Мне казалось (даже Мессинг может ошибаться), что Пилсудский вскоре пожелает встретиться со мной снова, но это «вскоре» растянулось почти на четырнадцать лет. Наша вторая и последняя встреча с маршалом Пилсудским произошла в ноябре 1934 года, вскоре после подписания договора о ненападении между Польшей и Германией[28]. Пилсудский не верил Гитлеру (этому негодяю никто не верил) и был очень обеспокоен будущим Польши. Пилсудский вызывал у меня уважение. Он уже был болен, он знал, что в будущем году умрет, но он беспокоился не о своих дочерях, про их будущее он меня не спросил, а о своей любимой Польше. Польша была его любимым детищем, ей он отдал всю свою жизнь. Судьба помотала его изрядно, прежде чем вознесла на самый верх. Он многое пережил. Его жизнь не была похожа на спокойную жизнь обычных аристократов.
«Что будет с Польшей?» – спросил Пилсудский. Я не смог тогда ответить на этот вопрос. Картина будущего открылась мне тремя годами позже, а пока что, сколько я ни силился прозреть будущее, у меня ничего не получалось. Но при этом я видел себя на востоке, в Советском Союзе. Косвенно это давало какие-то ответы, но к судьбе Польши они не имели никакого отношения. «Не знаю, – ответил я. – Не могу увидеть». На том наш разговор закончился. Других вопросов Пилсудский мне не задавал.
Мне скоро исполнится семьдесят пять лет. Три четверти века, как говорит один из моих друзей, прекрасный цирковой артист. Он все считает на четверти. Я бы мог слукавить, чтобы поддержать свою репутацию. Мог бы написать, что предсказал Пилсудскому все, вплоть до того, кто победит во Второй мировой войне. Мог бы написать и больше из того, что вижу сейчас. Но я взялся за перо, то есть за шариковую ручку, только для того, чтобы написать правду о себе. Правду! Если я начну лукавить, мои труды (а вся эта писанина дается мне очень трудно) потеряют свой смысл. Поэтому я пишу правду. Всегда. Даже в тех случаях, когда она идет во вред моей репутации.
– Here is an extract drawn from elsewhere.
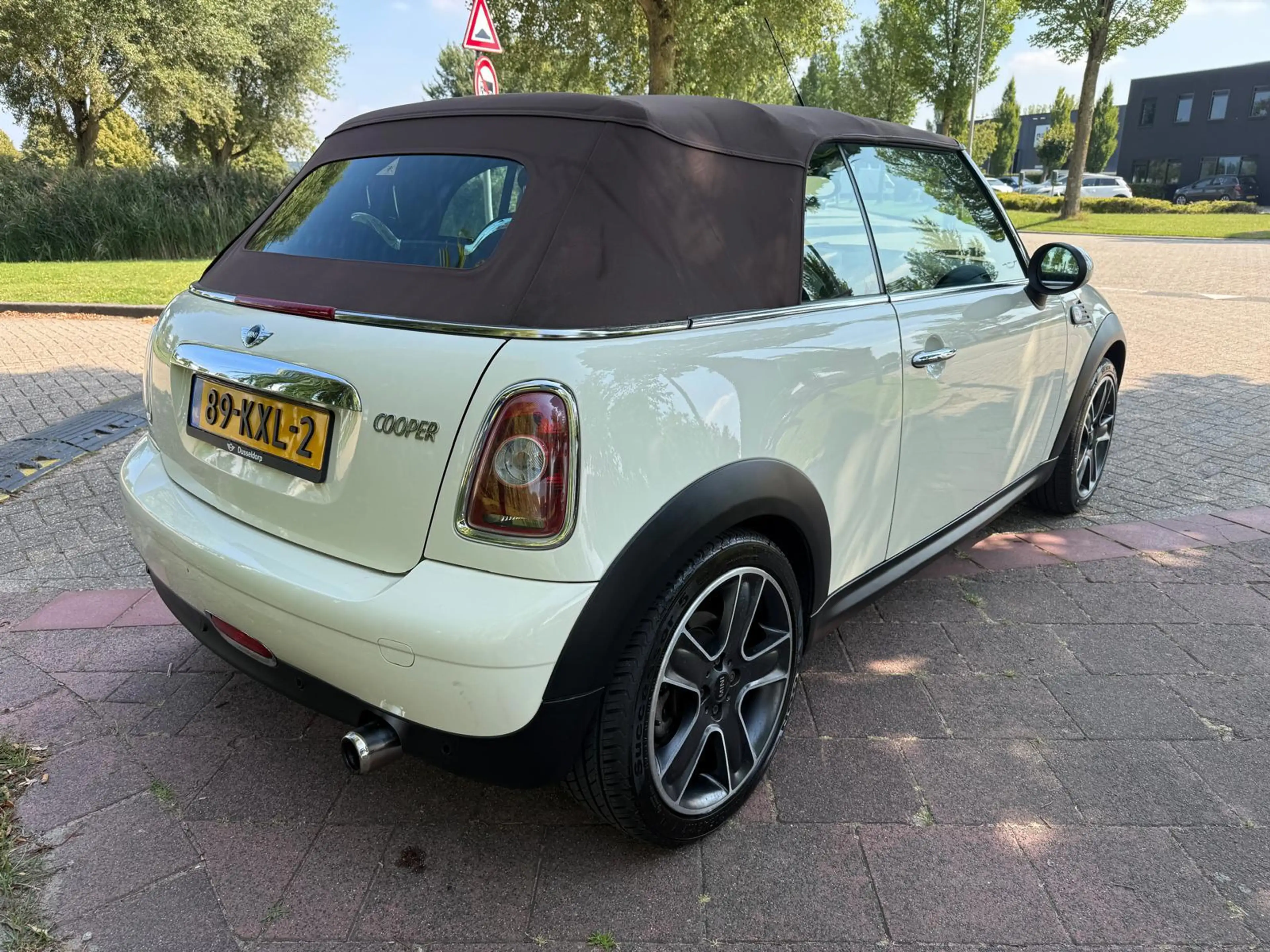 MINI Cooper Cabrio 1.6 Chili Bruine Accenten — photo 5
Больше мы с Пилсудским не встречались. О его кончине я узнал во Франции, в Марселе. Если бы смог, то непременно проводил бы его в последний путь. Ко всему, что связано со смертью, я отношусь с огромным почтением. Тайна жизни и смерти – величайшая из тайн человечества. Когда умирает кто-то из знакомых мне уважаемых мною людей, я стараюсь присутствовать на похоронах. Своим присутствием я отдаю последний долг умершему. Это очень важно для меня. Но в то же время я не люблю делать культа из всего, что связано со смертью. У живых свой мир, у мертвых свой. Нельзя одновременно жить в двух мирах. Как бы ни был близок и любим человек, не стоит умирать с ним «за компанию». Каждому свой срок. У каждого свой путь[29].